## Problem
The listing below should be printed again word for word, without any images.

## Available data
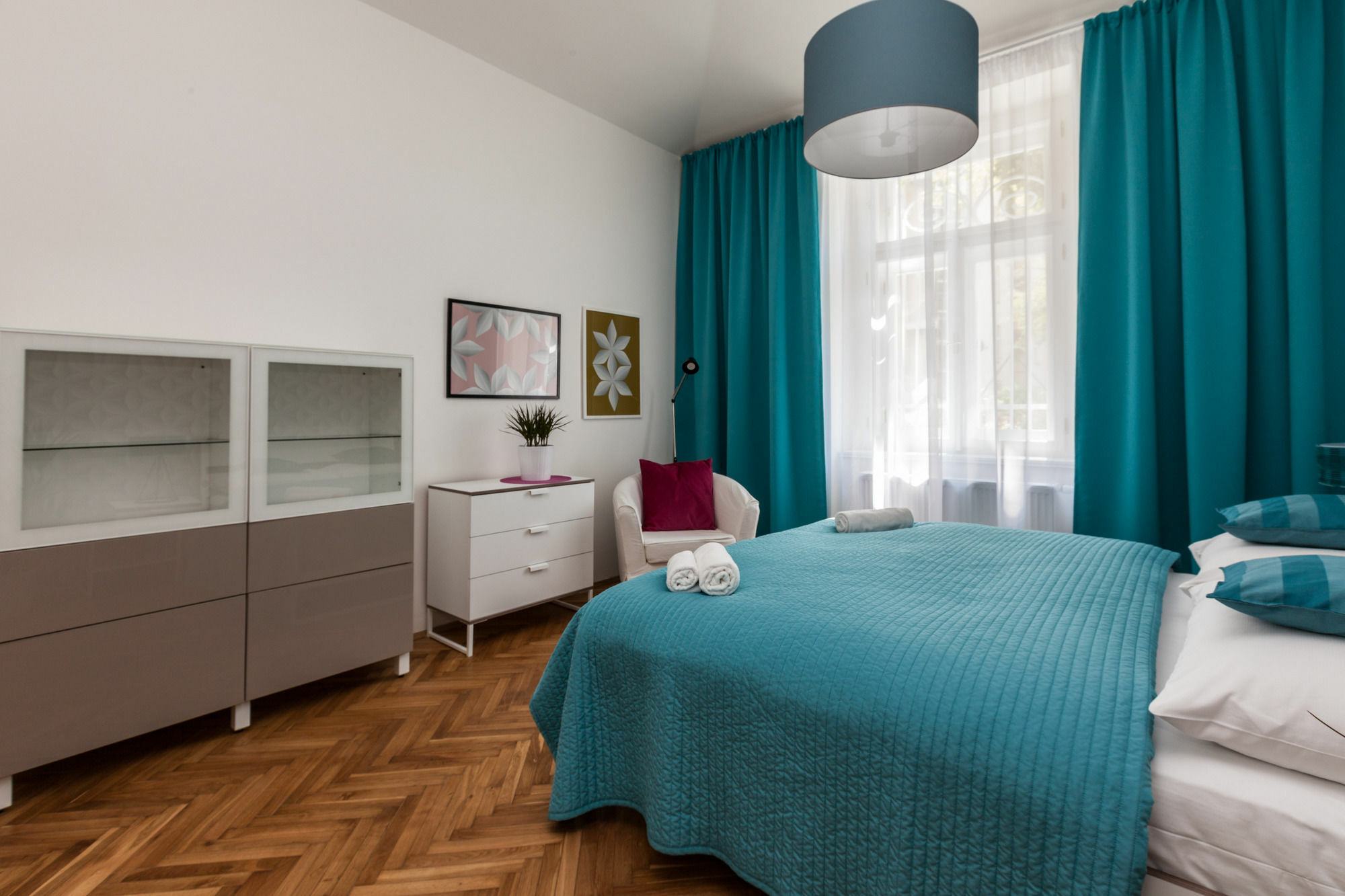 Comfortable Apartahotel Praga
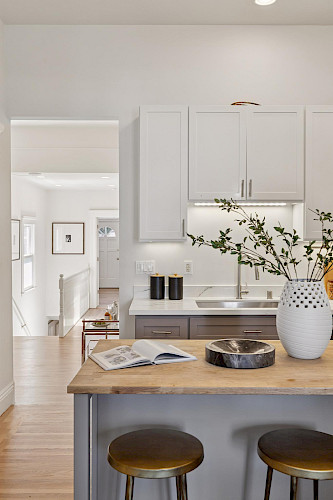 814 Hampshire Street 26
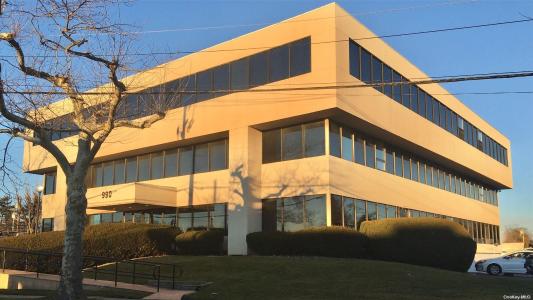 990 Westbury Road, North Hempstead, ニューヨーク 11590, アメリカ合衆国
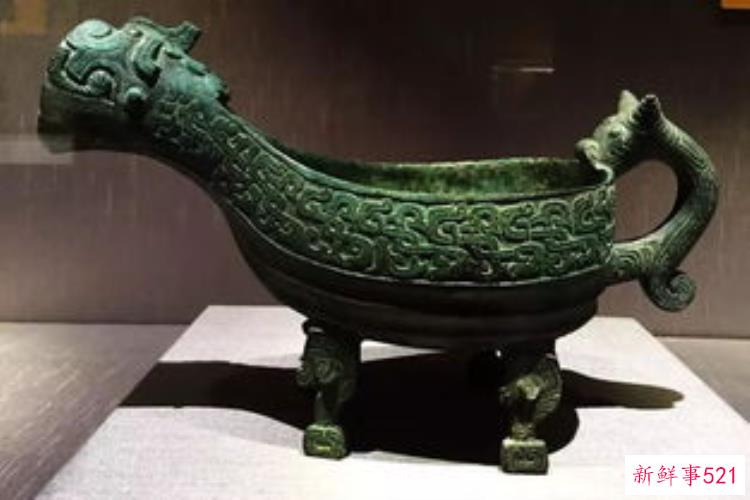 长治市博物馆藏春秋兽面三蹄足兽首扉棱蟠螭纹铜鼎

## Your response
 Comfortable Apartahotel Praga
 814 Hampshire Street 26
 990 Westbury Road, North Hempstead, ニューヨーク 11590, アメリカ合衆国
 长治市博物馆藏春秋兽面三蹄足兽首扉棱蟠螭纹铜鼎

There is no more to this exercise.